Matsumoto Kaori, Kanda Tatsuo, Wakatsuki Junichiro, Kim Young-Jin, Yokouchi Ritsuko, Sato Naho, Hasegawa Yuko, Amemiya Kenji, Hirotsu Yosuke, Hirose Sumio, Imai Yushi, Takaoka Shinya, Amano Hiroyuki, Asakawa Yukiko, Nagasaka Kouwa, Asahina Yoshiki, Kojima Yuichiro, Toyama Shodai, Mochizuki Hitoshi, Obi Shuntaro, Omata Masao
Department of Pharmacy, Yamanashi Central Hospital, 1-1-1 Fujimi, Kofu, Yamanashi, 400-8506, Japan.
Division of Gastroenterology and Hepatology, Uonuma Institute of Community Medicine, Niigata University Medical and Dental Hospital, Minamiuonuma, Niigata, 949-7302, Japan.
Hepatol Int. 2025 Apr 8. doi: 10.1007/s12072-025-10825-3.
Associations between the occurrence of abnormal liver function tests, an immune-related adverse event (irAE) caused by immune checkpoint inhibitors (ICIs), and treatment efficacy are unclear. We investigated the association between the incidence of these hepatic irAE occurrences and treatment response in patients treated with ICIs.
We studied 924 patients treated with ICIs to determine the relationship between the incidence of irAEs and overall survival (OS) with and without the continuation of ICIs due to hepatic irAEs.
Of 924 treated, 338 (36.6%) developed all types of irAEs. Median OS for patients with and without irAEs were 34.3 months (n = 338) and 13.1 months (n = 586), respectively (p = 2.49 × 10). Of 924, 62 (6.7%) patients developed hepatic irAE; 31 discontinued and 31 continued ICI. Of interest, median OS with and without the continuation of ICI therapy due to hepatic irAEs was 54.3 months and 11.5 months, respectively (p = 0.00589). We further compared the difference of liver function tests among the two groups. Although aminotransferases are higher among discontinued group, stigmata of impending hepatic failure were no different among these two groups.
In patients who developed hepatic irAEs, OS was longer in the continued treatment group than in the discontinued treatment group. Most patients who developed hepatic irAEs and stopped the treatment had higher aminotransferase, but often lacks the stigmata of impending hepatic failure such as prothrombin time prolongation or gradual elevation of total bilirubin. Multi-disciplinary cooperation, including hepatologists, may be important for OS improvement by the prolonged use of ICIs.

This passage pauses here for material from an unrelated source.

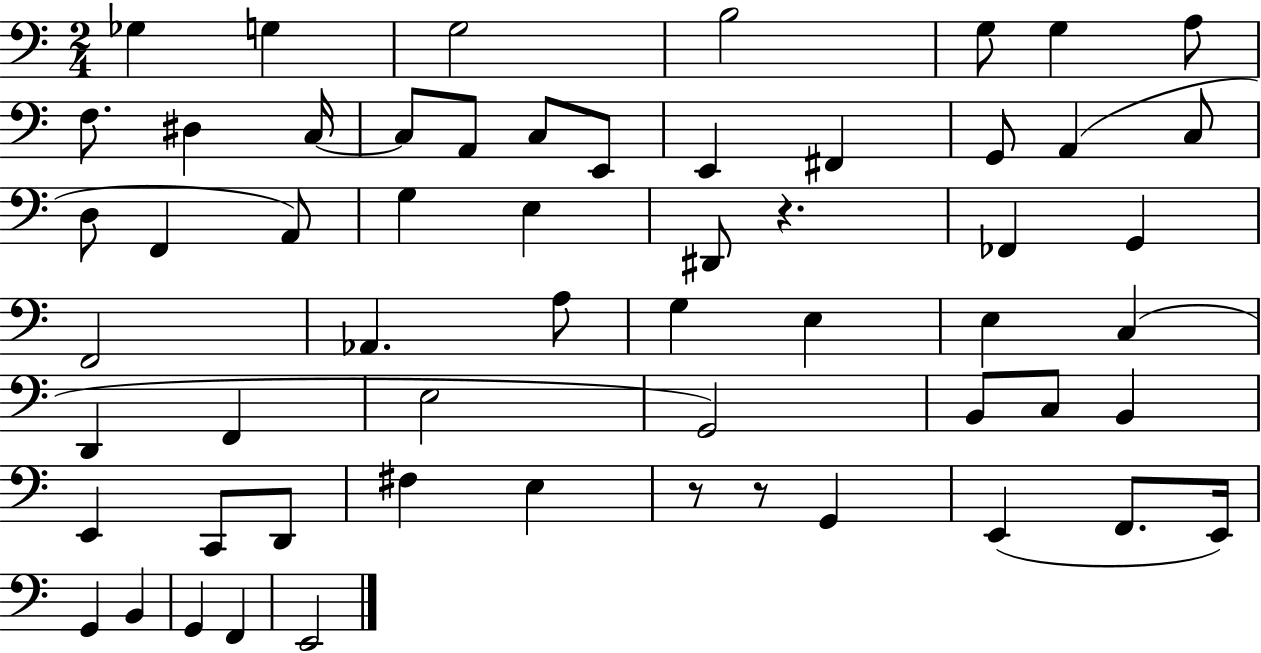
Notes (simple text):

Gb3/q G3/q G3/h B3/h G3/e G3/q A3/e F3/e. D#3/q C3/s C3/e A2/e C3/e E2/e E2/q F#2/q G2/e A2/q C3/e D3/e F2/q A2/e G3/q E3/q D#2/e R/q. FES2/q G2/q F2/h Ab2/q. A3/e G3/q E3/q E3/q C3/q D2/q F2/q E3/h G2/h B2/e C3/e B2/q E2/q C2/e D2/e F#3/q E3/q R/e R/e G2/q E2/q F2/e. E2/s G2/q B2/q G2/q F2/q E2/h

肝功能检查异常这一由免疫检查点抑制剂(ICI)引起的免疫相关不良事件(irAE)的发生与治疗疗效之间的关联尚不清楚。我们调查了这些肝脏irAE发生的发生率与接受ICI治疗患者的治疗反应之间的关联。
我们研究了924例接受ICI治疗的患者,以确定irAE的发生率与因肝脏irAE继续或不继续使用ICI情况下的总生存期(OS)之间的关系。

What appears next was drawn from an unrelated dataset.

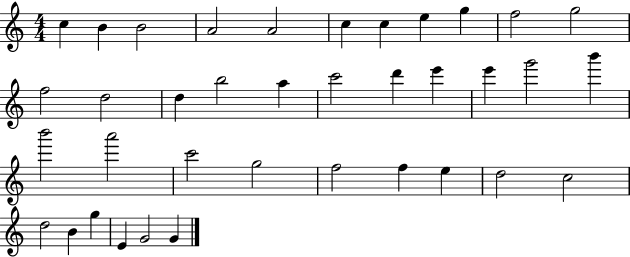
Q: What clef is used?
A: treble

在924例接受治疗的患者中,338例(36.6%)出现了所有类型的irAE。有和没有irAE的患者的中位OS分别为34.3个月(n = 338)和13.1个月(n = 586)(p = 2.49×10)。在924例患者中,62例(6.7%)出现肝脏irAE;31例停用ICI,31例继续使用。有趣的是,因肝脏irAE继续或不继续ICI治疗的中位OS分别为54.3个月和11.5个月(p = 0.00589)。我们进一步比较了两组之间肝功能检查的差异。尽管停用组的转氨酶较高,但这两组之间即将发生肝衰竭的体征并无差异。
在发生肝脏irAE的患者中,继续治疗组的OS比停用治疗组更长。大多数发生肝脏irAE并停止治疗的患者转氨酶较高,但通常缺乏即将发生肝衰竭的体征,如凝血酶原时间延长或总胆红素逐渐升高。包括肝病学家在内的多学科合作对于通过延长ICI的使用来改善OS可能很重要。